One might think that measuring the square footage of a house for an appraisal is pretty simple and methodologically basic. Many of us think that measuring the square footage is all about taking out a measuring tape, perhaps dividing the building area into measurable square partitions, then measuring those partitions and finally adding those partitions- voila, you now have a square footage measurement!
Unfortunately that is not how it is done. In fact, measuring the square footage reminds us of an old joke about an accountant being asked in his interview as to what is the answer for 2 + 2. He quickly says, “How do you want it to be?” and then he aces the interview. Measuring the square footage is just like this. There is no one-size-fits-all type of methodology and it usually varies depending on who calculates the measurement and for what purpose of the measurement is to be used.

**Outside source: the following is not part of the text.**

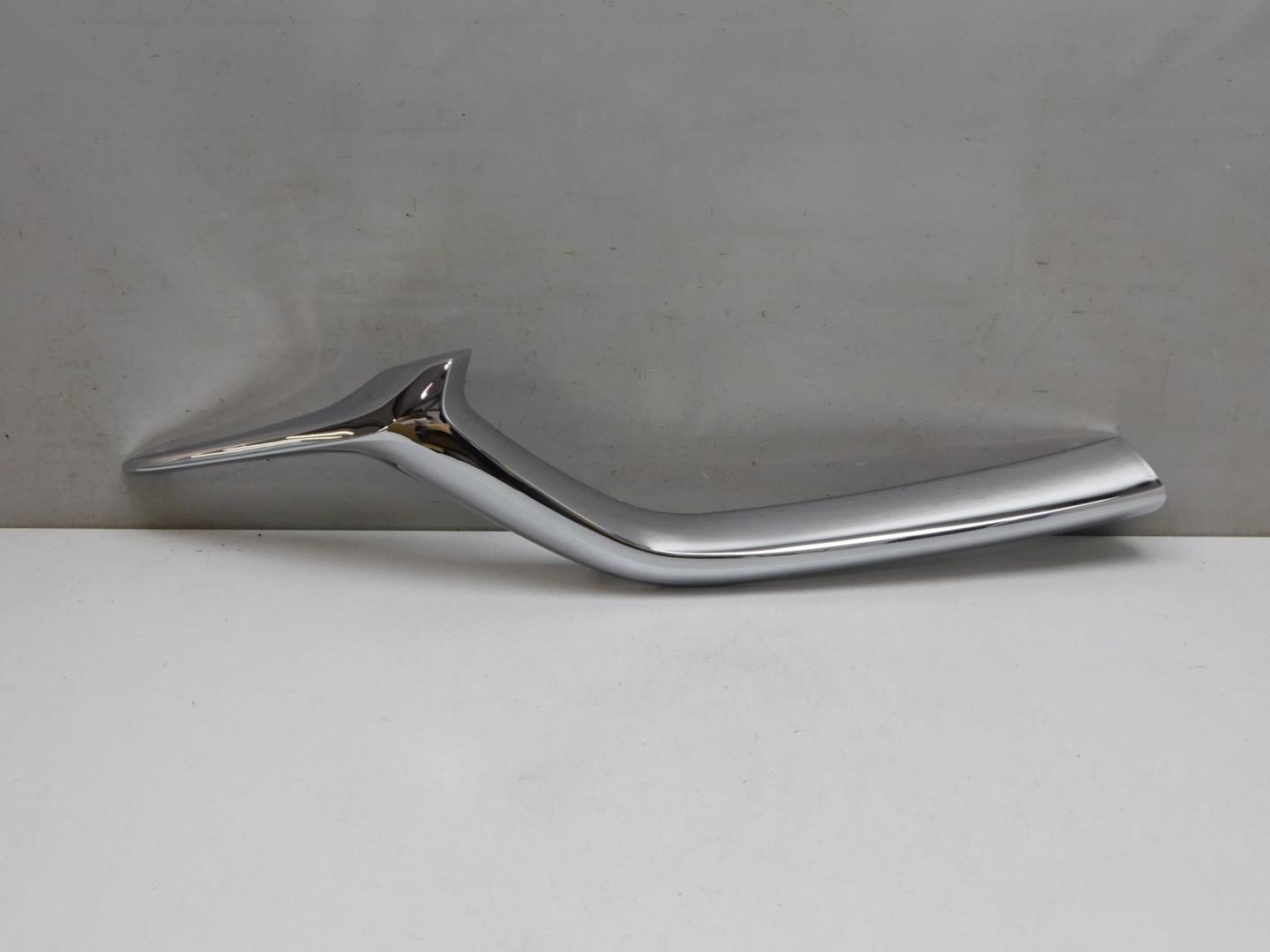 Накладка на решетку радиатора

For condominiums and other commercial type homes, measuring the square footage is pretty much straight forward. It is generally accurate hence the records from county taxing authorities are not often questioned. However, when it comes to detached homes, there are many ways of measuring living area. Single family measurements are less likely to be revised by the county so if there have been renovations or layout changes they may not be accounted for on official documents.
Appraisers tend to use one common measurement type when it comes to measuring the square footage. They measure the Gross Living Area of your home. For condominiums, they generally just measure the interior meaning only the inside area of your unit. Some may add 6 inches to the measurement for the wall thickness. For residential homes however, they generally tend to measure the whole area of your house externally – including the walls.
How Do Realtors Measure Square Footage?
The truth is that Realtors don’t measure the square footage of your house or unit. They will likely take the values from county records. However, right now the MLS requires all agents to indicate where they obtained living area values. However, the form still allows them to indicate whether it is “estimated” or there were “other sources”.